> [What is being asked] Return verbatim all lines from the first one in the records to the line with "BEIS Commuter Black", both ends kept.

> [Source data]

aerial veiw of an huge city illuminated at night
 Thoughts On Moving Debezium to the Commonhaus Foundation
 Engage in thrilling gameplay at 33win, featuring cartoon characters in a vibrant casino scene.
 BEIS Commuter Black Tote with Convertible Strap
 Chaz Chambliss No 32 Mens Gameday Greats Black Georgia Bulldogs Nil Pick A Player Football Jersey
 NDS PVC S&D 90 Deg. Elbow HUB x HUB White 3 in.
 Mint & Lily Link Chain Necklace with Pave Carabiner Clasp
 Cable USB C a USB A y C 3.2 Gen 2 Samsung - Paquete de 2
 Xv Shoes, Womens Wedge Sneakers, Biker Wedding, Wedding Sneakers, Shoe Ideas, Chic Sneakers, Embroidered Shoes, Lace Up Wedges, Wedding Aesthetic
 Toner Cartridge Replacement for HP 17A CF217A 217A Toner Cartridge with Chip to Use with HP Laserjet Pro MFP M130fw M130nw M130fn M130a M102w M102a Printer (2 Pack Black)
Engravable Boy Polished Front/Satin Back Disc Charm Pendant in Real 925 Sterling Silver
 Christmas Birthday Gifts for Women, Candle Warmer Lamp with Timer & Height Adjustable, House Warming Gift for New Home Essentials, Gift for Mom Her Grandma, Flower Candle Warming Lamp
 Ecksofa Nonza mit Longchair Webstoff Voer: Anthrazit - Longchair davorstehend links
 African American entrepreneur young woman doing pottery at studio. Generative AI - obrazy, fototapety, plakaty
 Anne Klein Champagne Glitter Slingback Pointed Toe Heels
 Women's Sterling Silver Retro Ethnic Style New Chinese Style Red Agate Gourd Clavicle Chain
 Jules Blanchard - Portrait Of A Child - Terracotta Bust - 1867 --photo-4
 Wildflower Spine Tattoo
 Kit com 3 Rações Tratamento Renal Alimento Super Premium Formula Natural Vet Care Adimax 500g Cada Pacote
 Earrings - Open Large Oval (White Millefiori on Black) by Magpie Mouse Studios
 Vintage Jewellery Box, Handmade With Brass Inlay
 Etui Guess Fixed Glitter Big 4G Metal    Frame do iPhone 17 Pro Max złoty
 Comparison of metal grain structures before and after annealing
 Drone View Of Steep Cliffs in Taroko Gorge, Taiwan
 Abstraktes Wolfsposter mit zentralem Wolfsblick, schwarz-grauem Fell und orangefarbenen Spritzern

> [Answer for this exercise]
aerial veiw of an huge city illuminated at night
 Thoughts On Moving Debezium to the Commonhaus Foundation
 Engage in thrilling gameplay at 33win, featuring cartoon characters in a vibrant casino scene.
 BEIS Commuter Black Tote with Convertible Strap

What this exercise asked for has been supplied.